As scary as using the military in a civilian capacity may seem it is not nearly as scary as the spectre of another global flu pandemic like the one that killed over 20,000,000 people worldwide in 1918.
The US military is the only organization on earth to respond to a situation of this magnitude if it occurs (which I sincerely hope it does not).
If you want to read what I am talking about, Google "1918 influenza". This was the greatest human disaster of the past 100 years and it has been mostly forgotten.
Carolyn
Exactly!
But even if it meant the loss of my own family currently, at no point would I advocate the use of the military for 'humanitarian' purposes on US soil. But of course Republicans have advocated that in one form or another since the beginning of the party haven't they? Good to see Bush is returning back to even more Republican roots
It disturbs me that so many that consider themselves conservative would be willing to hand any portion of control to the military on our home soil
Look at the job the local officials did concerning Katrina. They were more dangerous than the hurricane.
The military already has the organizational skills to spread out and help if it comes to pass.
My husband has been doing a lot of research on this. He has found out that there was a strain of flu that then mutated into the deadly strain. It is believed (found?) that the people who got the original flu did not die from the mutated flu strain. They also still can not figure out why the age group that died the most was 18-45.
My question is if they consider it dangerous enough for that then why arent they doing something about the appalling lack of antivirals and flu vaccines available.
My grandfather talked about it from time to time many years ago.
They lived on a little spread on the Missouri/Iowa border and he claimed that out of the 23 or so people on their little place only seven or eight lived.
Mom died, sister died, brother died, aunts and uncles and other relatives too.

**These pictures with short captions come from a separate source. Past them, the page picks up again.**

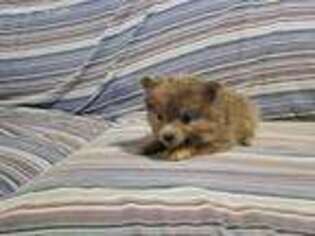 Pomeranian Puppy for sale in Dierks, AR, USA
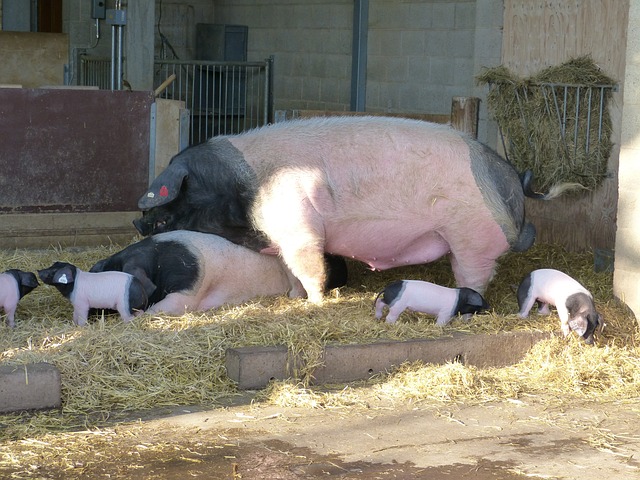 Schwäbisch-Hallisches Schwein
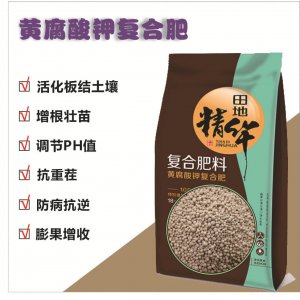 生物有機黃腐酸鉀顆粒水溶肥貼牌定制代加工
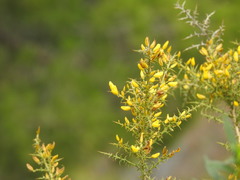 Ulex argenteus subsericeus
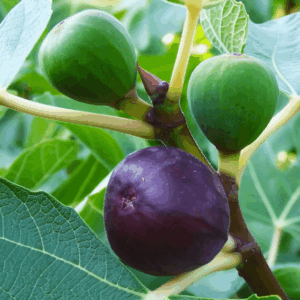 Ficus carica Petite Negra fruits on the tree. Some are green, and one is bright purple.
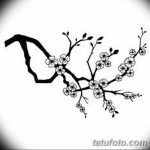 фото Эскизы тату Сакура от 27.01.2018 №063 - Sketches of Sakura tattoo - tatufoto.com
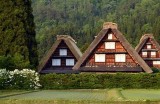探索日本文化：japonensisvedao的深度解析与使用
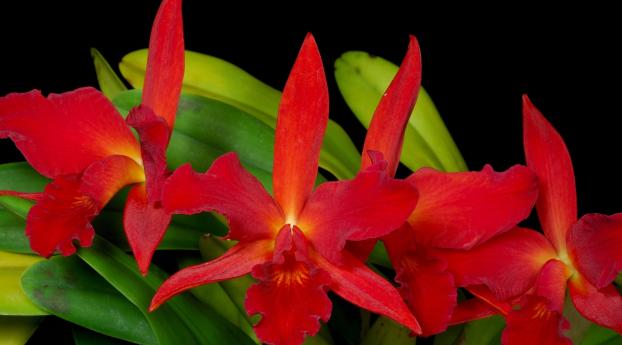 orchids, flowers, red Wallpaper 1366x768 Resolution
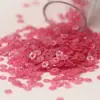 [Polvo de Brillo Lentejuelas de 3 mm 4 mm] Bordado Francés DIY Bordado con Cuentas Bordado Estéreo Accesorios para Ropa Cosidos a Mano Accesorios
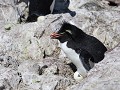 Puerto Deseado, Isla Pingüino, rockhopper pinguïn 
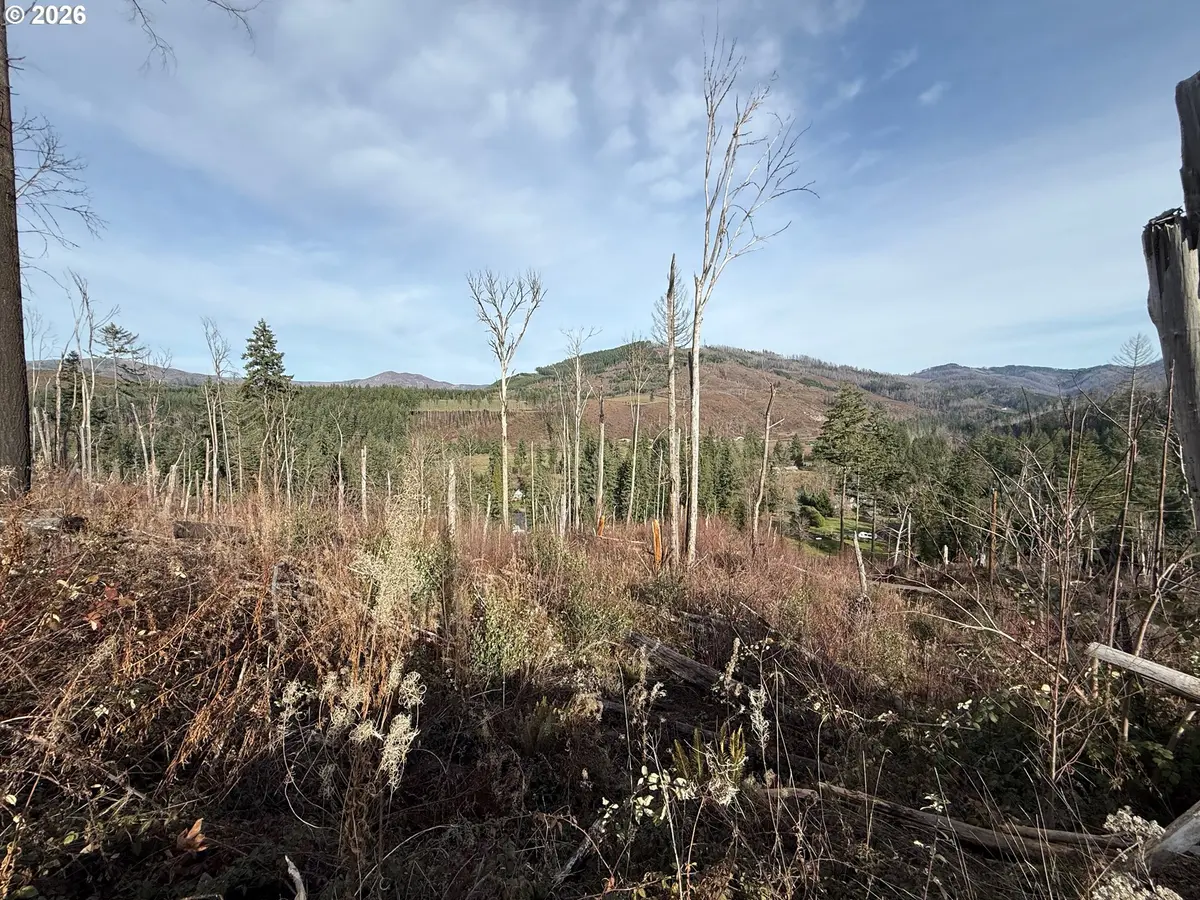 Cascade View #1, Vida, OR 97488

He claimed that at one point the ground was frozen hard enough that they had to stack the bodies in the barn until it thawed out enough to dig graves.
He said it was pretty weird towards the end because theyd all be hanging out in the kitchen drinking coffee or whatever in silence and theyd all be taking glances at each other wondering who would be the next to keel over and wondering whether theyd ALL eventually fall out.
Whatever. They were cut from considerably sturdier stock in those days and werent running around begging someone to help them.
Anyway, have we decided whether or not were worried about overpopulation or not? Occasionally the subject pops up and everybody gets all excited, but when the big outbreak thatd solve the overpopulation problem comes up everyone somehow turns their attention to fighting it.
Sorta a "big problem" (according to some) that we spend lots of money trying to maintain.